Independence: The Congo gained its independence from Belgium on June 30, 1960. Independence hero, Patrice Emery Lumumba was elected as Congo’s first Prime Minister.
Leadership: Joseph Kabila first assumed power in 2001 after the assassination of his father Laurent Desire Kabila. Joseph Kabila was subsequently elected as President in 2006 after Congo’s first democratic elections in over 40 years. Kabila appointed long-time Lumumbist Antonie Gizenga of PALU to be prime minister. Gizenga served as deputy prime minister in Patrice Lumumba’s government of 1960. Gizenga resigned on September 25, 2008 and was subsequently replaced by former Finance Minister, Adolphe Muzito, on October 10, 2008. Muzito served as Prime Minister until 2012. He was replaced by Matata Poyno.

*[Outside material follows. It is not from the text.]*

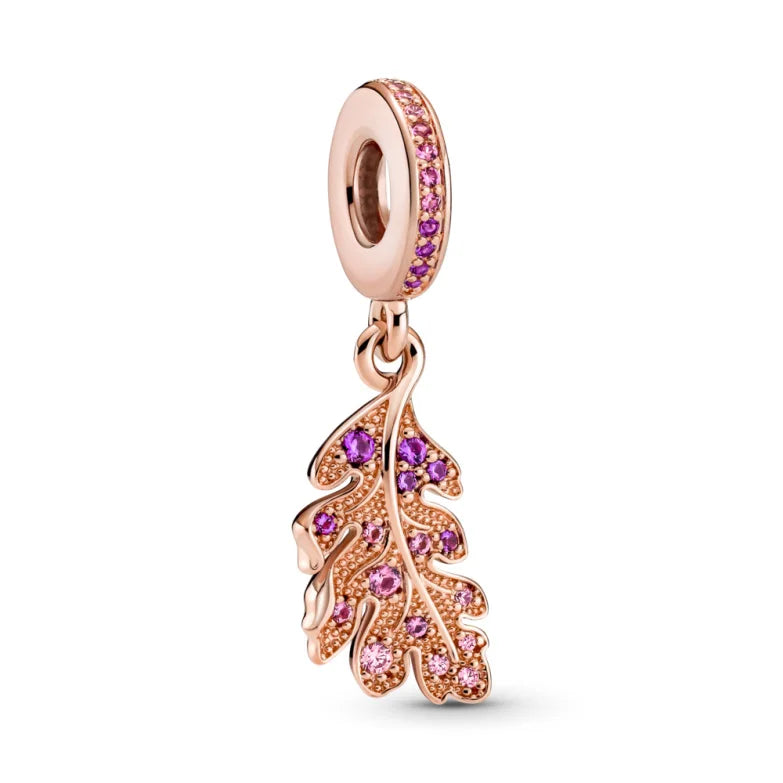 Rose Gold Fine Plated Pink Clip Dasiy Butterfly Dragonfly DIY Charms Fit Original Sterling Silver 925 Bracelet For Women Jewelry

The parliament is made up of a National Assembly and a Senate. The National Assembly has 500 members and is led by Aubin Minaku. The Senate has 108 members and is led by Kengo Wa Dondo. Presidential and legislative elections take place every five years. However, since 2007 there has not been any elections to replace the senators. As of 2016, the members of both the Senate and the Assembly have exceeded their constitutional term limits.
The last elections took place on November 28, 2011. Joseph Kabila won the 2011 elections due to massive fraud. As a result of the widespread cheating that took place during the elections, he lacks the legitimacy among the Congolese masses. Kabila appointed the former Finance Minister, Augustin Matata Ponyo as Prime Minister in April 2012.The next presidential elections were supposed to take place in 2016. However, President Joseph Kabila refused to organize elections in an attempt to hold on to power. He negotiated with the opposition with the assistance of the Catholic Church in a December 31, 2016 Agreement (Commonly referred to as the Saint Sylvestre Agreement) to hold elections by the end of 2017. He broke the agreement by not organizing elections. Finally, after tremendous pressure from the Congolese masses, regional powers like Angola and South Africa and the international community, Kabila agreed to organize elections on December 23, 2018. He also named a successor to run in the December elections and said he would step down. According to Congo’s Constitution, Joseph Kabila as a former President can serve in the Congolese Senate for life.